DHT is unable to fetch multi-address for certain peers when private network is scaled up (both in terms of number of nodes, and number of transactions wrt DHT). Due to this we face 2 issues:
it is unable to connect to certain nodes giving the error “dial backoff” and/or “i/o timeout”.
it is unable to fetch the providers for a given key/contentID for certain nodes, i.e. it gives empty response on dht.FindProvidersAsync(key) call even when dht.Provide(key) has been called for these nodes.
For (1) we tried to fetch the multiaddress from the DHT using dht.FindPeer API, but it gave the error “Routing: Not Found”
In both these cases all peers are online but still this issue persists when scaling the network up . On a smaller network it works fine for any number of calls to the DHT.
We are running a network of 2000 nodes, with around 350-450 connections (as per host.network().Peers() api call).
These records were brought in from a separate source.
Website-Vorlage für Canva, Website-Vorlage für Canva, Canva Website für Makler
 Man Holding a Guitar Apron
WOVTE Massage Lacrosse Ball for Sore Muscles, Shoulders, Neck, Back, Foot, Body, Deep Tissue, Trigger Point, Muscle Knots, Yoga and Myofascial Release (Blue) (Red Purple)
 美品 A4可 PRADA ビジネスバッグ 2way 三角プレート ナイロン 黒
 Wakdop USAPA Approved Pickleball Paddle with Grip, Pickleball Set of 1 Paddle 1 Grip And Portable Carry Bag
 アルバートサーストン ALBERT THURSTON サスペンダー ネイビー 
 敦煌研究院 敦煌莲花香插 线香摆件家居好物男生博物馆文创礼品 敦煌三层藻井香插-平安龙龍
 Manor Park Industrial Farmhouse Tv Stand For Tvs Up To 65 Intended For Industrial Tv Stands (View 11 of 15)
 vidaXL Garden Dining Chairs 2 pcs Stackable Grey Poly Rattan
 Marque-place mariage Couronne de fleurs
We did some local testing and found out that the nodes were dial-able from others as well.
This sounds like those nodes are not reachable or not running.
Any chance the records have expired (they need to be republished every 12h).
Anything relevant in logs?
After checking the most obvious explanations, you might need to look closely at debug logs from the node that cannot find routing and the node that it is trying to find routing to, make sure that it is still listening etc.
We tried to print the o/p of “GetClosestPeers” which returned us the NodeIds & then we tried to use"FindPeer" to get the connection details of that node but Address Info was missing. How come NodeId is being retrieved but Address Info is not being retrieved?
It happens for records provided for around 30m-1h as well (not all but some)
The main thing I would check is what the routing tables of your peers look like and checking that peers have routing tables that are about the right amount of filled (i.e. you should see around Min(1/2^bucketNum, bucketSize) peers per bucket.
Some code in go-ipfs that prints out stats like this is go-ipfs/stat_dht.go at master · ipfs/go-ipfs · GitHub (I highlighted the areas that deal with getting the peers out of the routing table and figuring out which buckets they are from).